Customer churn is a serious problem for service providers.
While telecommunication and cable companies have made great progress in reducing churn over the last couple of decades, churn is once again on the rise. Even a single basis point increase in churn can mean more than $1M in customer value lost per month for large service providers. That’s a significant number. And the recent rise in churn isn’t because of a product or service offering (although those can occasionally be factors). It’s largely because of two things: poor customer service and ignoring insights that suggest a customer might be at risk.
Poor customer service drives subscriber churn.
According to a 2022 study by CCW Digital, 60 percent of consumers would consider switching to a competitor after two or fewer bad experiences. The same study found the 17 percent considered leaving after a single bad interaction. And the damage doesn’t end there. The White House Office of Consumer Affairs reports that unhappy customers will tell between 9 and 15 people about their experience, with 13 percent sharing their customer experience woes with more than 20 people. That means poor customer service doesn’t just fuel churn—it also impacts new subscriber acquisition and, consequently, profitability.
Consumers consider switching to a competitor after two or fewer bad interactions
Consumers consider leaving after a single bad interaction
Identifying churn risk customers with conversational insights and analytics
Is customer churn just a numbers game or can companies identify customers at risk of churning before they leave? With conversational intelligence, service providers can leverage behavioral insights and analytics to pinpoint risk factors. Perhaps a customer is out of contract or has had service issues or customer support issues or simply isn’t using their service as they have in the past. Identifying these (and other) risk factors can go a long way in preventing churn before it occurs. But only if companies take proactive action.

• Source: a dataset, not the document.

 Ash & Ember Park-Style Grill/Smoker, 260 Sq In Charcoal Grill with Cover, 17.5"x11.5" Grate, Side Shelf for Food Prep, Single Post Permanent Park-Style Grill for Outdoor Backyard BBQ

Proactive customer service can save subscribers at risk of churning.
Just because a customer has a bad customer experience, however, doesn’t mean the relationship is doomed. According to the SFDC State of the Connected Customer by Salesforce, 80 percent of customers will forgive a company for its mistakes after receiving excellent customer service. The key to rebounding from a bad experience—and reducing the risk of a customer churning—is responding with proactive care. As we discussed in an earlier article, proactive care happens when customer service looks beyond the initial interaction (or interactions) for opportunities to reconnect and re-engage with a customer. For at-risk customers, this means following up with possible solutions or remedies shortly after the negative experience. But how can companies respond before a customer defects? With the right technology.
Delivering proactive care with conversational AI and automation
Conversational AI delivers the conversational insights and analytics service providers need to target (and even predict) churn risks. Companies can then use this data to automate proactive service—and save the customer relationship before it’s too late. In fact, we’ve recently heard from a provider who reported that at-risk customers who were left untreated were eight times more likely to defect than those who received proactive treatment. That’s significant. But just how does conversational AI uncover the data needed to turn things around?
Combining natural language processing (NLP), artificial intelligence and machine learning, conversational AI analyzes customer conversations for valuable insights, captures relevant data and can even offer dynamic guidance to customer service representatives in real time. This includes flagging signs of dissatisfaction—including subscriber intent, sentiment and emotion—which would otherwise go unnoticed. Armed with this information, companies can then coach (or guide) agents at the moment of need or automate follow-up actions aimed at deescalating negatively charged interactions and recapturing customer loyalty.
How Uniphore helps service providers fight customer churn
Uniphore not only offers the industry’s premier platform for conversational AI, automation and interaction analytics, it fuses it with key APIs, like knowledge AI, automated speech recognition (ASR), NLP, behavior/sentiment analysis, tonal emotion and computer vision. This holistic approach allows service providers to unlock the full value of every customer conversation—in real-time and at scale. Now, providers can find the true pulse of their subscribers and take proactive steps toward turning the tide on customer churn.
But that’s only half the story. Our suite of AI-enabled tools—including U-Assist and U-Analyze —turn customer triage (i.e., churn reduction) into an opportunity to boost customer lifetime value (CLV). By analyzing both past and real-time interactions, U-Analyze can unearth actionable insights that can influence customer behavior—when the first signs of dissatisfaction appear. Drawing on this (and other) data, the real-time guidance in U-Assist can aid live agents on the next-best actions to take to resolve a customer’s issue and improve their brand relationship and, ultimately, loyalty. This process of transforming risk into opportunity offers massive value to service providers struggling with fluctuating CLV. And with the recent addition of behavioral science experts from Hexagone, these solutions will only become stronger and more accurate—exactly when companies need them the most.